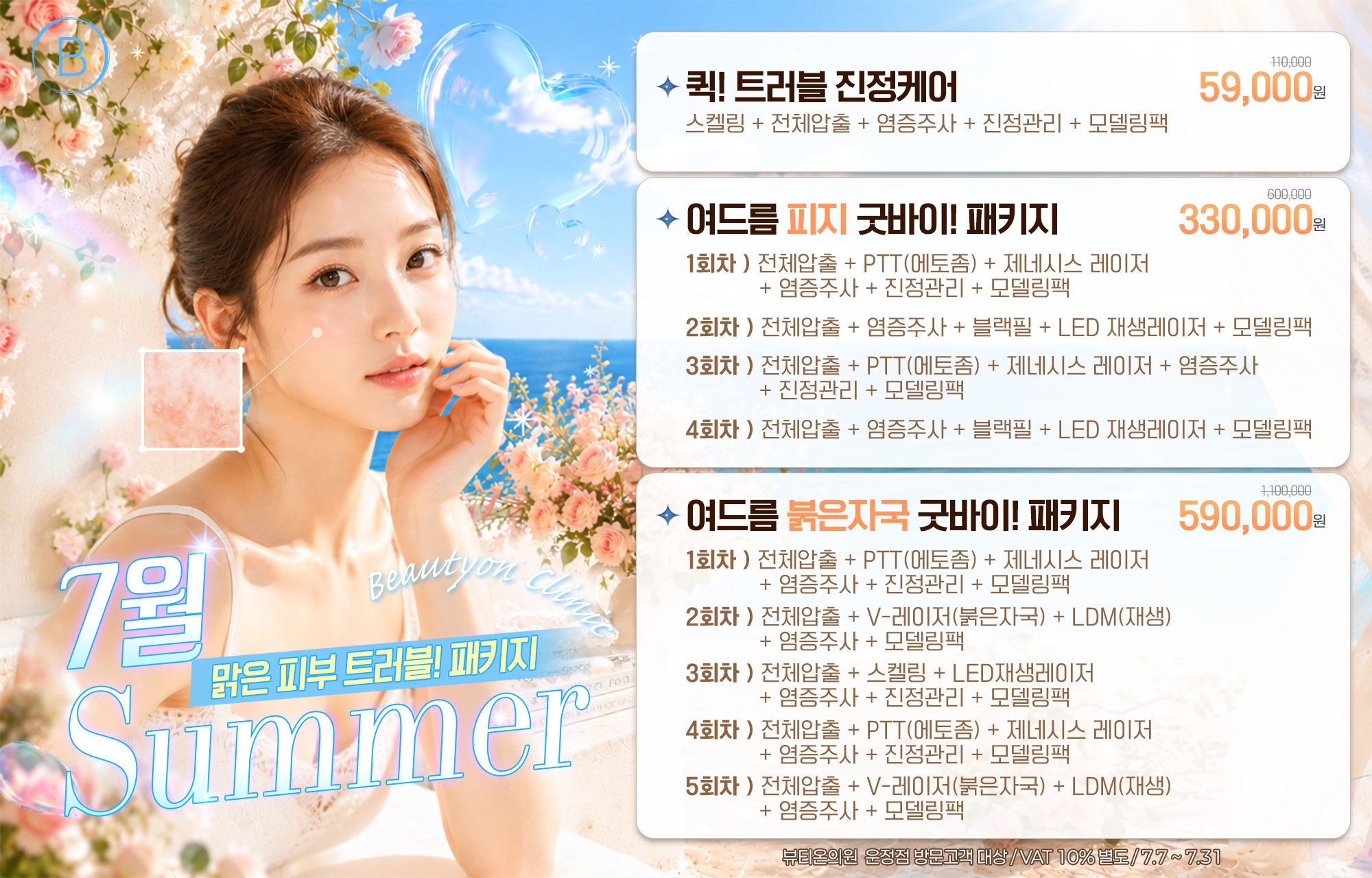 뷰티온의원 파주운정점 :: 🐳여름 Summer 트러블 관리 패키지🐳
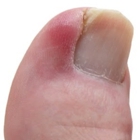 Ingrown Toenail Therapy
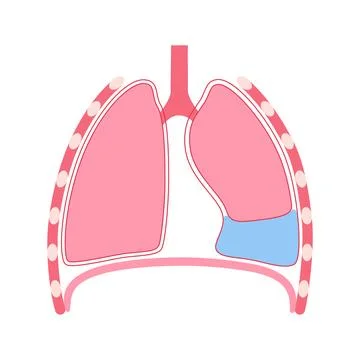 Pleural effusion poster Stock Illustration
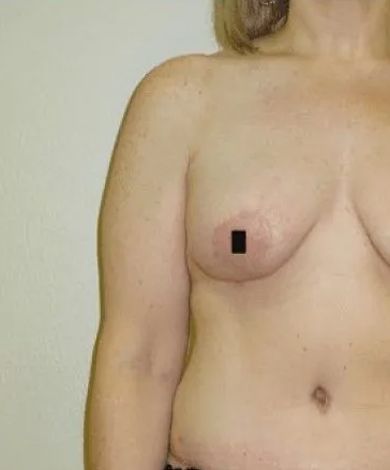 Torso of a person with a marked nipple on the right breast, against a neutral background.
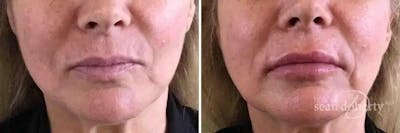 Lip Augmentation Before & After Gallery - Patient 354043 - Image 1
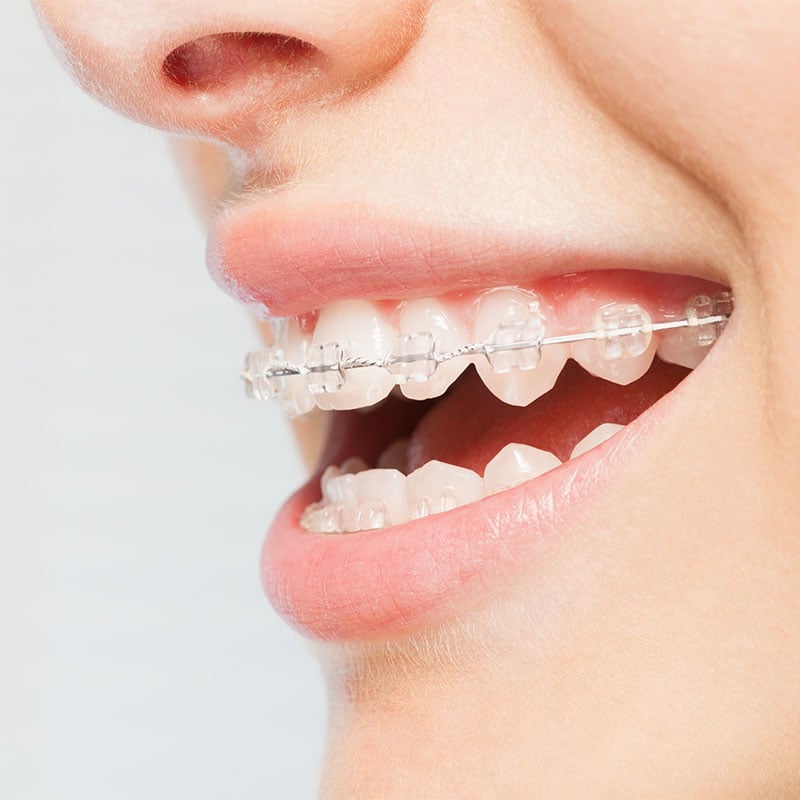 Orthodontic Treatment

* What this task involves *
Retype the records exactly. Any image in them should not appear in what you write.

* Result of this exercise *
 뷰티온의원 파주운정점 :: 🐳여름 Summer 트러블 관리 패키지🐳
 Ingrown Toenail Therapy
 Pleural effusion poster Stock Illustration
 Torso of a person with a marked nipple on the right breast, against a neutral background.
 Lip Augmentation Before & After Gallery - Patient 354043 - Image 1
 Orthodontic Treatment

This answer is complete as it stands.